Skip the pictures and write out, word for word, the lines below from the one with "Southern-Rhodesia-1953-QEII-Pictorials-MUH" through the one with "Curly Molten Mini", inclusive.

◆ Recorded data
# # # #

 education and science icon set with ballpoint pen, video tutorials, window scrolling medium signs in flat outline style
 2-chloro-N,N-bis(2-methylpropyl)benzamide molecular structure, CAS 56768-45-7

# # # #

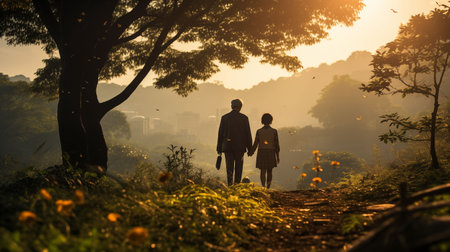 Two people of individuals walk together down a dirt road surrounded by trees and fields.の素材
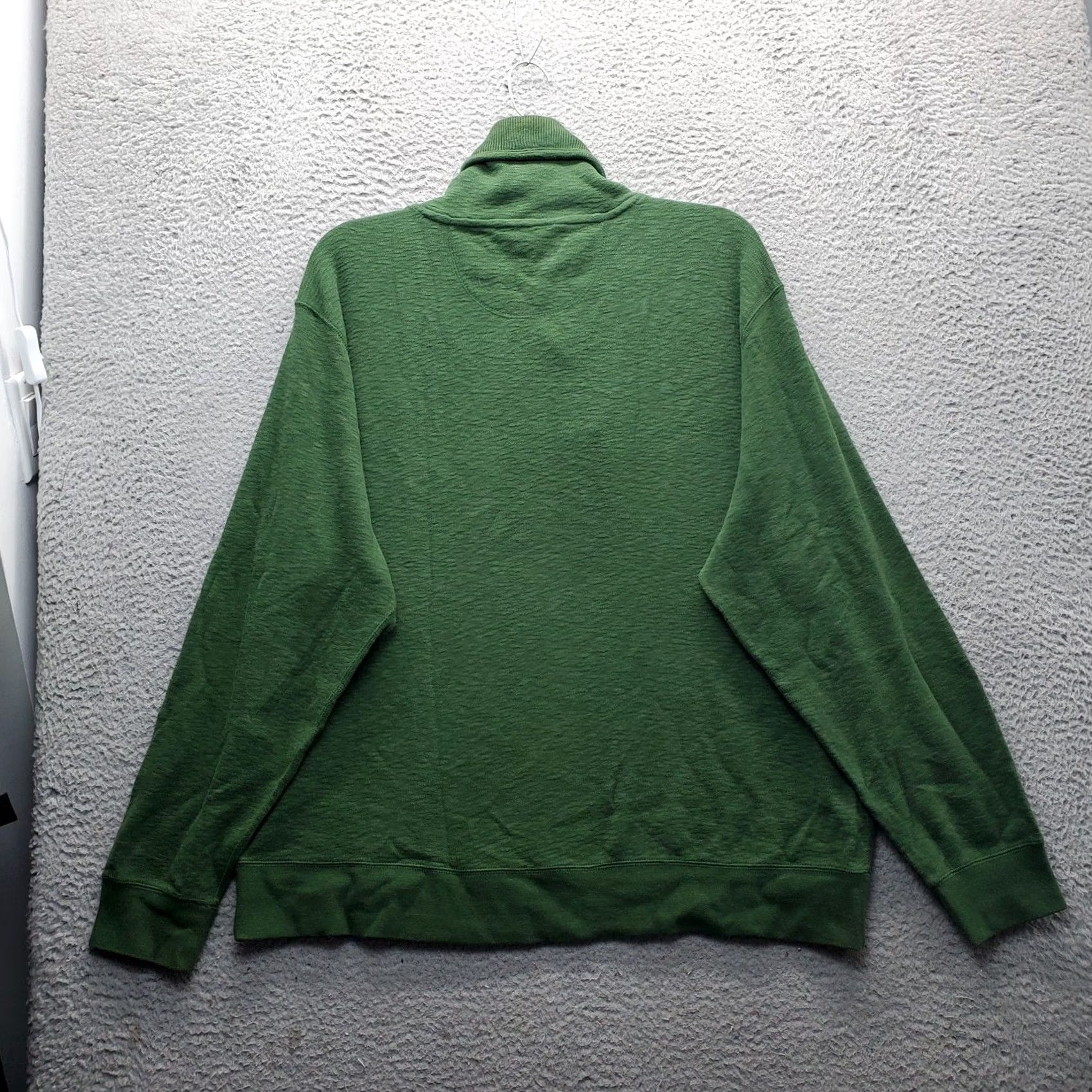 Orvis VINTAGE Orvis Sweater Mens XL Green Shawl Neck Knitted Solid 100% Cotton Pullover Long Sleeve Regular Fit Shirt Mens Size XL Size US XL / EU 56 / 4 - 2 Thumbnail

# # # #

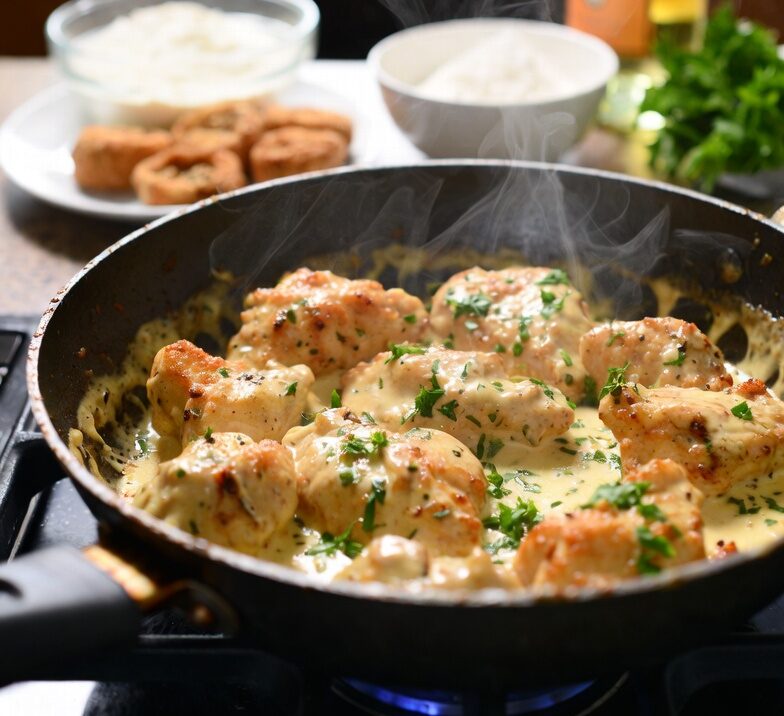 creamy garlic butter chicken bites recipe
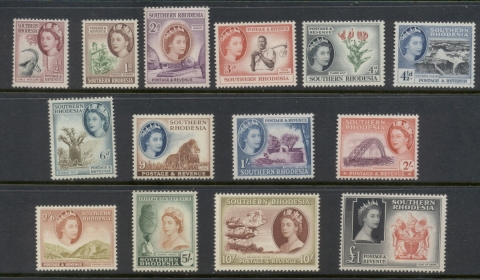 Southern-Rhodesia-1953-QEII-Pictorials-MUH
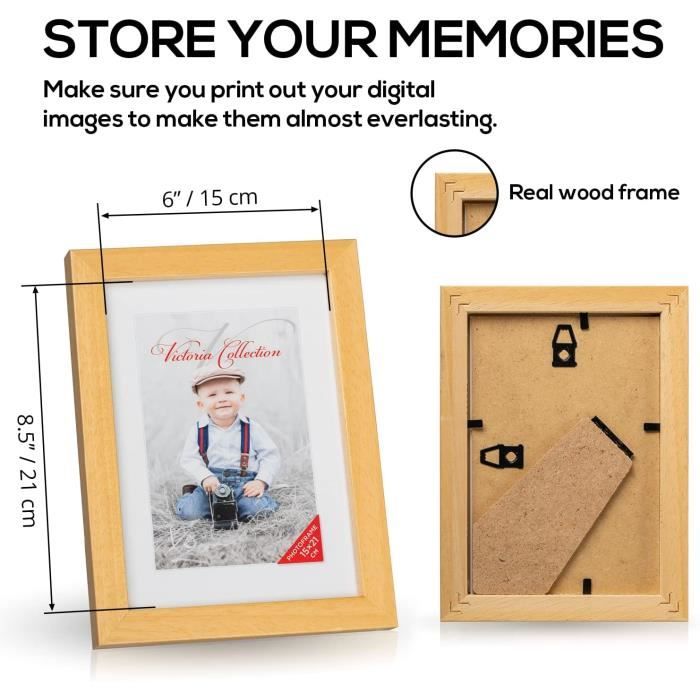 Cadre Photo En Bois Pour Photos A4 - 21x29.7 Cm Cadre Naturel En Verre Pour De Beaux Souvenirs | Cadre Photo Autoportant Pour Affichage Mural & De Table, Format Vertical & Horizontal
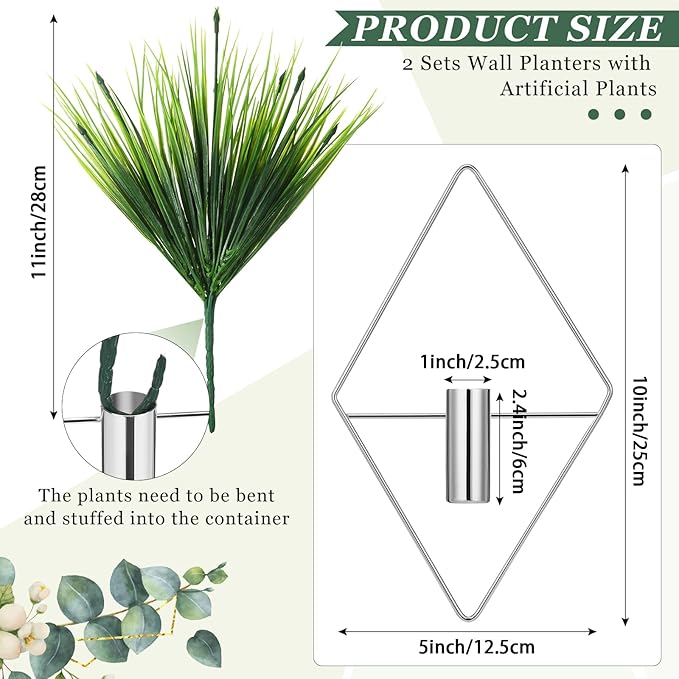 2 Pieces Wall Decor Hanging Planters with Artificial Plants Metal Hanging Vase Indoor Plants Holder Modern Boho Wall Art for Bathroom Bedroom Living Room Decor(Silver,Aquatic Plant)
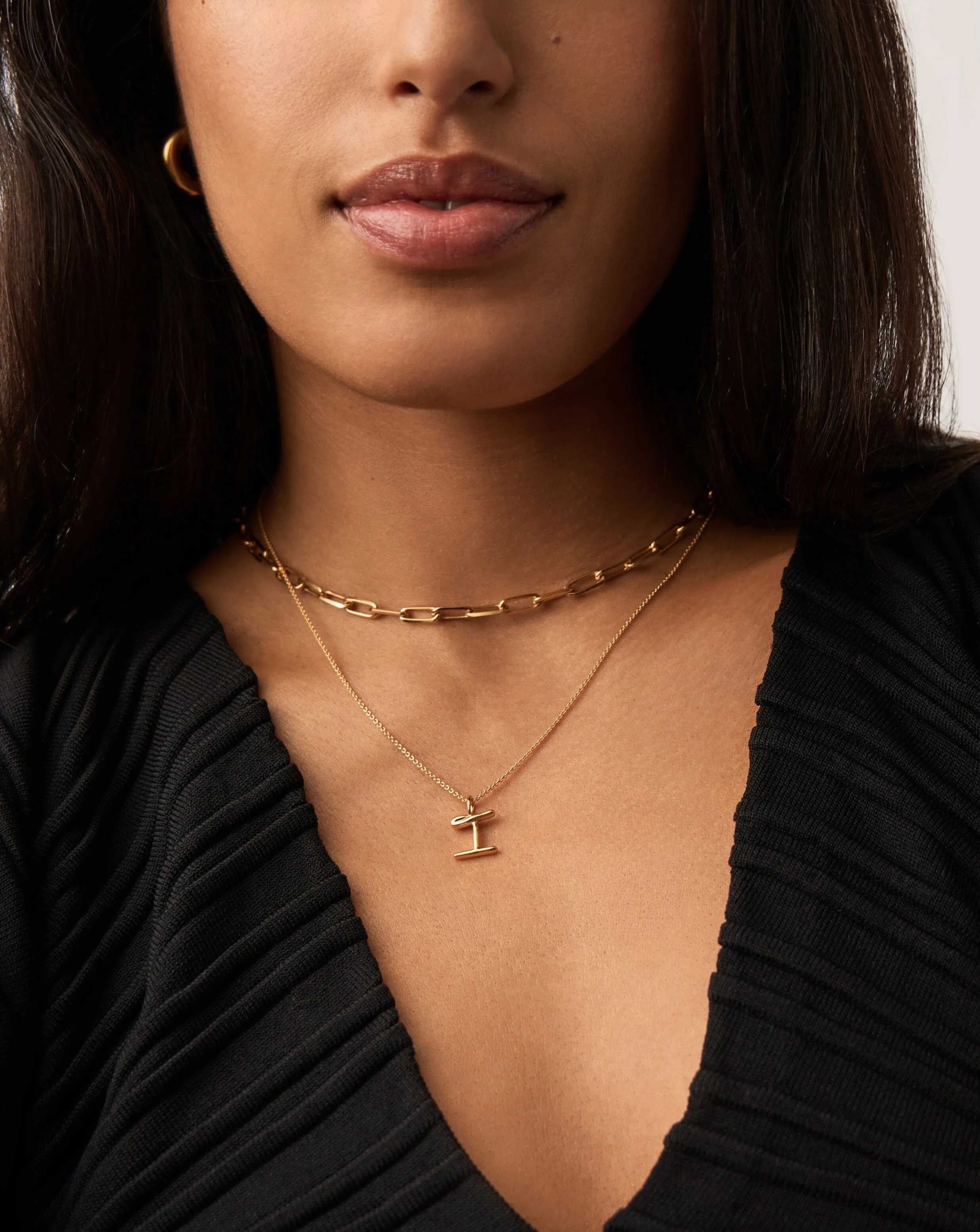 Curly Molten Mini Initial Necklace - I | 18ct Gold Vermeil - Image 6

# # # #

◆ Written answer
 Southern-Rhodesia-1953-QEII-Pictorials-MUH
 Cadre Photo En Bois Pour Photos A4 - 21x29.7 Cm Cadre Naturel En Verre Pour De Beaux Souvenirs | Cadre Photo Autoportant Pour Affichage Mural & De Table, Format Vertical & Horizontal
 2 Pieces Wall Decor Hanging Planters with Artificial Plants Metal Hanging Vase Indoor Plants Holder Modern Boho Wall Art for Bathroom Bedroom Living Room Decor(Silver,Aquatic Plant)
 Curly Molten Mini Initial Necklace - I | 18ct Gold Vermeil - Image 6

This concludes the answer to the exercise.